This paper addresses robust parameter identification for partially observed linear time-invariant (LTI) systems under heavy-tailed noise—relaxing conventional Gaussian or sub-Gaussian assumptions to only require finite second moments. We introduce, for the first time, boosting-based ensemble learning into the system identification framework, integrating robust statistical estimation with non-asymptotic analysis to design an algorithm highly resilient to heavy-tailed disturbances. Theoretically, under mild excitation conditions requiring only finite fourth-order moments of the input, our method achieves optimal logarithmic dependence of the failure probability on sample complexity—matching the fundamental lower bound established under sub-Gaussian noise. The key contribution lies in breaking the restrictive distributional assumptions on noise while simultaneously attaining strong robustness and high statistical efficiency—a previously unattained unification in system identification under heavy-tailed settings.

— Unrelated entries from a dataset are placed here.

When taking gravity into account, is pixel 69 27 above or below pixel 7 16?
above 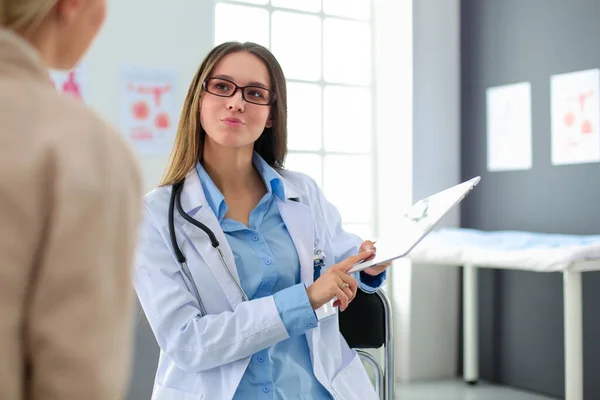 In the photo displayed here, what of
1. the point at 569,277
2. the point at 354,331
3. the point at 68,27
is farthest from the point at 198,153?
the point at 569,277

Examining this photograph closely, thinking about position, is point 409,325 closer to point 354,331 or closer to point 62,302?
point 354,331

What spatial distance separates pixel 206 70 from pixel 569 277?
2060 millimetres

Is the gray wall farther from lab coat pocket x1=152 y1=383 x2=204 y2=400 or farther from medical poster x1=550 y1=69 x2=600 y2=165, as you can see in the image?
lab coat pocket x1=152 y1=383 x2=204 y2=400

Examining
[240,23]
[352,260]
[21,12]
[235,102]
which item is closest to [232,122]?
[235,102]

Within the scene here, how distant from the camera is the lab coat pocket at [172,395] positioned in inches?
55.1

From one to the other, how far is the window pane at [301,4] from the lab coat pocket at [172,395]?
2.95m

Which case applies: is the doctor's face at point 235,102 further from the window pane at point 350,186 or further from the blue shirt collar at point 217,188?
the window pane at point 350,186

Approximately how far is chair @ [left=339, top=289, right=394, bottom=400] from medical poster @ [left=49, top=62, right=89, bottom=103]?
1.90 m

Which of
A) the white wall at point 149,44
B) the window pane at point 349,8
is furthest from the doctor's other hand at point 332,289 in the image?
the window pane at point 349,8

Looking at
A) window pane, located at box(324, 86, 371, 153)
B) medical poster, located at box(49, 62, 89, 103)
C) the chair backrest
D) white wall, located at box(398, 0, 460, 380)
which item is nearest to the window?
window pane, located at box(324, 86, 371, 153)

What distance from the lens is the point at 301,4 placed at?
4090 mm

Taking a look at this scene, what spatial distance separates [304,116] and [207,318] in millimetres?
2786

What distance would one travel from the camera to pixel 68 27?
655 millimetres

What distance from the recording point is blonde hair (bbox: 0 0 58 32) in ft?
1.98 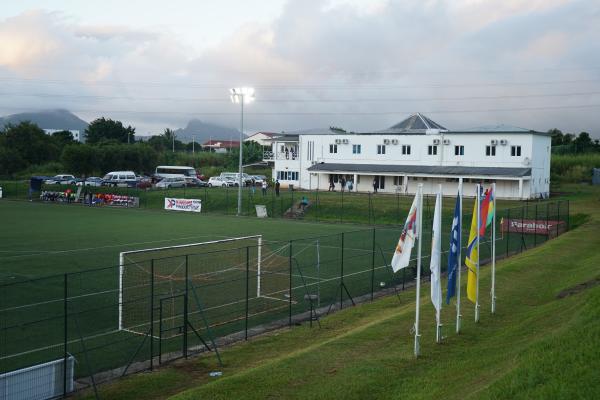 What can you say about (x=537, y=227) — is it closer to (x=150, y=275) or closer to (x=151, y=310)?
(x=150, y=275)

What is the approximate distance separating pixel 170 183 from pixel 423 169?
29597mm

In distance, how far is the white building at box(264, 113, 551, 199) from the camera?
6481cm

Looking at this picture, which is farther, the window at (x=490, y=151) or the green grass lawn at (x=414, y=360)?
the window at (x=490, y=151)

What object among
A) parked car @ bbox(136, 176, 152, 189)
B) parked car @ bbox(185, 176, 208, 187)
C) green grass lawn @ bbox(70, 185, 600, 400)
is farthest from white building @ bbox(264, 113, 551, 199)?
green grass lawn @ bbox(70, 185, 600, 400)

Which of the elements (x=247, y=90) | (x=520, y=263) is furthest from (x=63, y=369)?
(x=247, y=90)

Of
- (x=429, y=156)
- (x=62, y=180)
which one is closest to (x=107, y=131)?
(x=62, y=180)

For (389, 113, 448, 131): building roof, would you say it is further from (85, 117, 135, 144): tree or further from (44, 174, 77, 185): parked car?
(85, 117, 135, 144): tree

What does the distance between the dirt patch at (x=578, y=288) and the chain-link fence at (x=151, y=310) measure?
6.00 metres

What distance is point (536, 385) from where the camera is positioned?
9109mm

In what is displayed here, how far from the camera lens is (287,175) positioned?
269ft

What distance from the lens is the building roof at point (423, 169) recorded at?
6388 cm

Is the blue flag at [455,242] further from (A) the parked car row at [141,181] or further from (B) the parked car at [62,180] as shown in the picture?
(B) the parked car at [62,180]

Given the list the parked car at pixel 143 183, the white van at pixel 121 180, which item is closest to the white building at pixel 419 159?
the parked car at pixel 143 183

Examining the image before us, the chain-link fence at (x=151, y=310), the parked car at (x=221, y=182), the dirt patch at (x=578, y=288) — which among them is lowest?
the chain-link fence at (x=151, y=310) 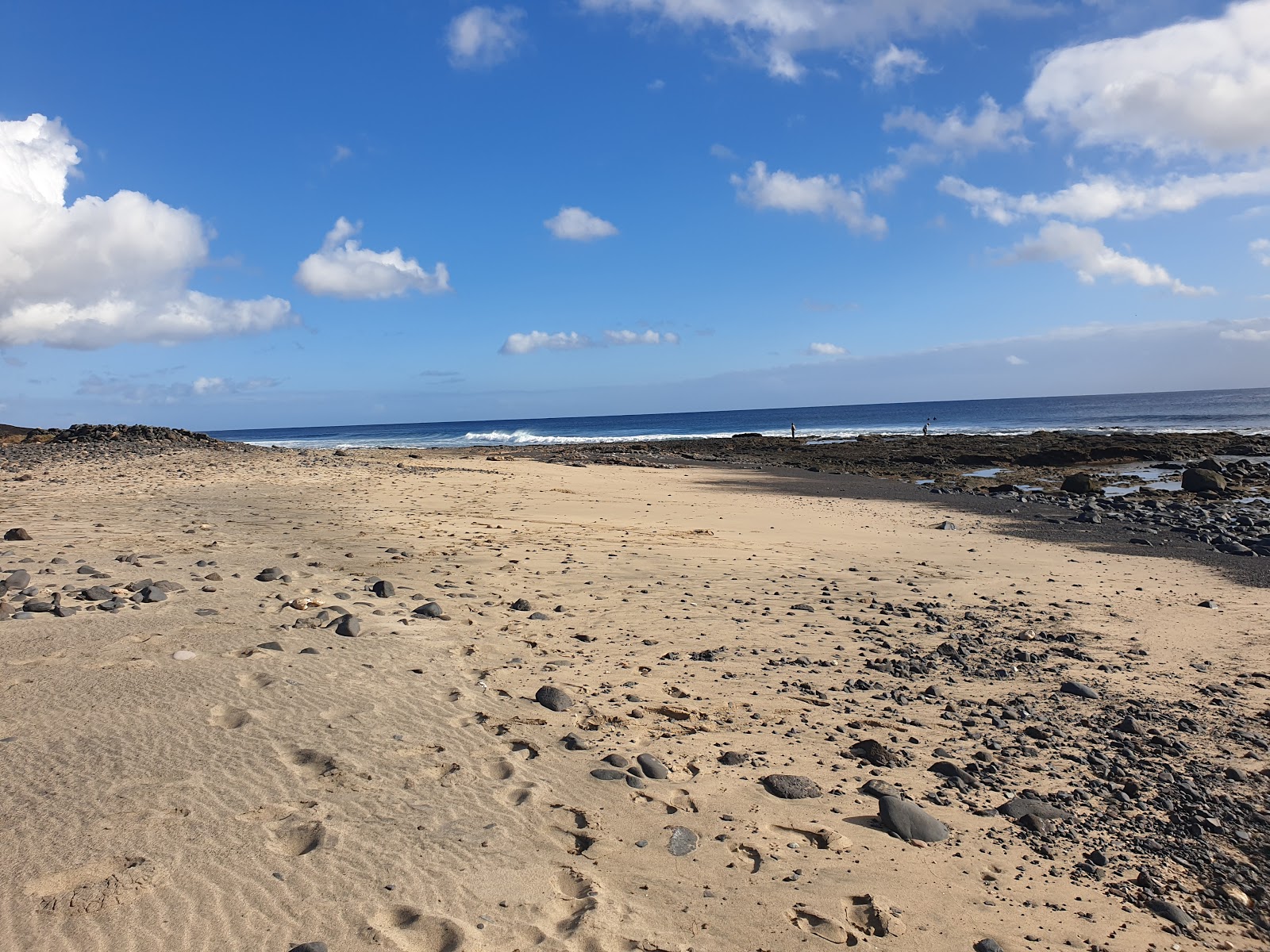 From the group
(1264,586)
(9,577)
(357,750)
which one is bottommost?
(1264,586)

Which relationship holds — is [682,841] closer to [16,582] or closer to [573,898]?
[573,898]

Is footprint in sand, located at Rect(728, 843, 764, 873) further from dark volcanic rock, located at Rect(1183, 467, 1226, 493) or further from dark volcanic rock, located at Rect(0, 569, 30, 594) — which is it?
dark volcanic rock, located at Rect(1183, 467, 1226, 493)

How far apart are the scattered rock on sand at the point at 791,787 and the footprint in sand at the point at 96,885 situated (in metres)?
2.88

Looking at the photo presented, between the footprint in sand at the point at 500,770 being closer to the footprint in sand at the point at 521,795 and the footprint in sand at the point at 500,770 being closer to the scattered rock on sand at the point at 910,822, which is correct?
the footprint in sand at the point at 521,795

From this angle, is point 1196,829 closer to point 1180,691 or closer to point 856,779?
point 856,779

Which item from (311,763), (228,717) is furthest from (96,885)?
(228,717)

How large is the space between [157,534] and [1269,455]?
39.7m

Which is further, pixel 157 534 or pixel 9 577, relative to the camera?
pixel 157 534

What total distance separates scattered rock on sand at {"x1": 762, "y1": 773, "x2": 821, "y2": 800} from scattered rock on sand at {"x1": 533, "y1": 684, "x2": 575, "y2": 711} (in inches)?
57.2

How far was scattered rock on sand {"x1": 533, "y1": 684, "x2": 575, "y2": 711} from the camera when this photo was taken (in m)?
5.02

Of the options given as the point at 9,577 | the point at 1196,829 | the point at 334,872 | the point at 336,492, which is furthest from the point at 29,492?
the point at 1196,829

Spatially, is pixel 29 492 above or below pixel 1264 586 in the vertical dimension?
above

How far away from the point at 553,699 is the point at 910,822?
232cm

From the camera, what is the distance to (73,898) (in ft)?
9.27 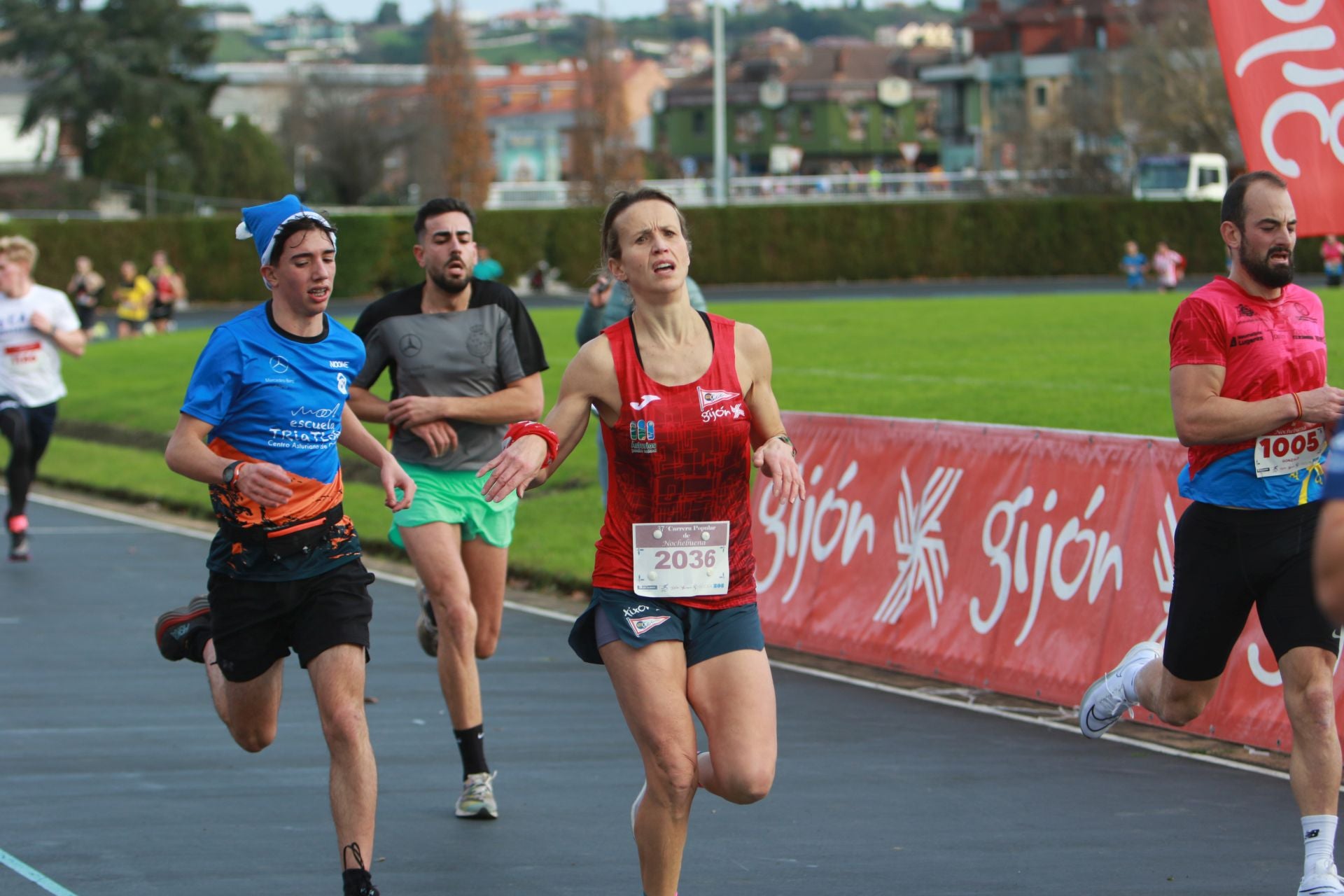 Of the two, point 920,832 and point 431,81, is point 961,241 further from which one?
point 920,832

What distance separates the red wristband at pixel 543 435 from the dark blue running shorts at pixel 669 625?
438 millimetres

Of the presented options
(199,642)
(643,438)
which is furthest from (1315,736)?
(199,642)

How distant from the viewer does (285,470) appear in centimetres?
587

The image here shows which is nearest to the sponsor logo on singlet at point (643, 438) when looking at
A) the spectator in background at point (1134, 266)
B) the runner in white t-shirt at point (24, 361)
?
the runner in white t-shirt at point (24, 361)

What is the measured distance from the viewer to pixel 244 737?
6.32 m

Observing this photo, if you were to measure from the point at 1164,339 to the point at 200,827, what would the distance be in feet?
75.9

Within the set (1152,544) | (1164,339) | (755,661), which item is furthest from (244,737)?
(1164,339)

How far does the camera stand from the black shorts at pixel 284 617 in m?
5.82

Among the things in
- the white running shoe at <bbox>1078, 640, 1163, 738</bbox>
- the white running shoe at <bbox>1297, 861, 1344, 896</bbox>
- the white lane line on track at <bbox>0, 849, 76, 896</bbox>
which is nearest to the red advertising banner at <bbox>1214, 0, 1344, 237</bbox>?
the white running shoe at <bbox>1078, 640, 1163, 738</bbox>

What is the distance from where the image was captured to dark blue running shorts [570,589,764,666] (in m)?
5.17

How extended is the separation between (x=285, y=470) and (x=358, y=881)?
133cm

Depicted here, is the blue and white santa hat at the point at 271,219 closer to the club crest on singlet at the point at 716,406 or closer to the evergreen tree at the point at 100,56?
the club crest on singlet at the point at 716,406

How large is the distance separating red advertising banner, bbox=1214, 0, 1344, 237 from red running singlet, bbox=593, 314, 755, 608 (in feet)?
10.7

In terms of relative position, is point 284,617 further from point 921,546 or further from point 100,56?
point 100,56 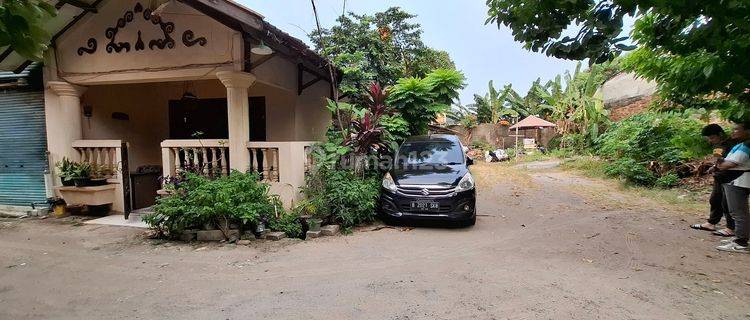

We consider the problem of system identification of partially observed linear time-invariant (LTI) systems. Given input-output data, we provide non-asymptotic guarantees for identifying the system parameters under general heavy-tailed noise processes. Unlike previous works that assume Gaussian or sub-Gaussian noise, we consider significantly broader noise distributions that are required to admit only up to the second moment. For this setting, we leverage tools from robust statistics to propose a novel system identification algorithm that exploits the idea of boosting. Despite the much weaker noise assumptions, we show that our proposed algorithm achieves sample complexity bounds that nearly match those derived under sub-Gaussian noise. In particular, we establish that our bounds retain a logarithmic dependence on the prescribed failure probability. Interestingly, we show that such bounds can be achieved by requiring just a finite fourth moment on the excitatory input process.